─── Supplied entries ───
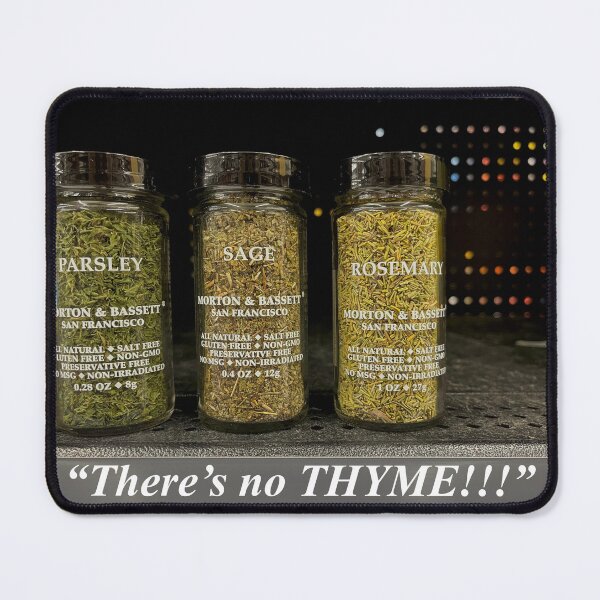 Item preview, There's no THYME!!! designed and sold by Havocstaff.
───
─── Supplied entries ───
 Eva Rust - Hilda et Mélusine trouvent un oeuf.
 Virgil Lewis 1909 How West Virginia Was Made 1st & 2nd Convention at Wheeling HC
───
─── Supplied entries ───
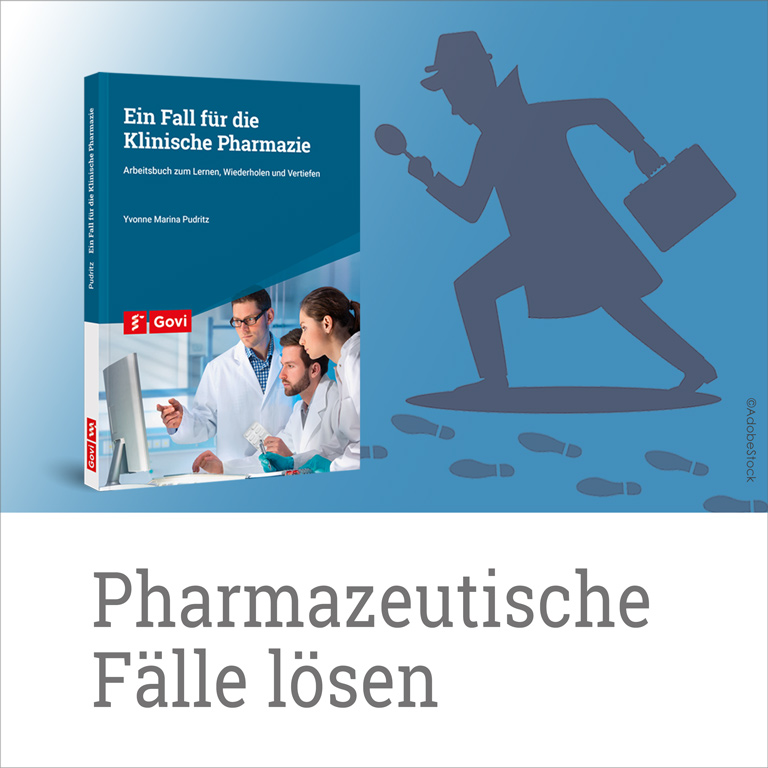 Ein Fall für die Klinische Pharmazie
───
In the listing above, find the line with "Eva Rust - Hilda" and the line with "Virgil Lewis 1909". Output those two lines and every line between them, exactly as written.

 Eva Rust - Hilda et Mélusine trouvent un oeuf.
 Virgil Lewis 1909 How West Virginia Was Made 1st & 2nd Convention at Wheeling HC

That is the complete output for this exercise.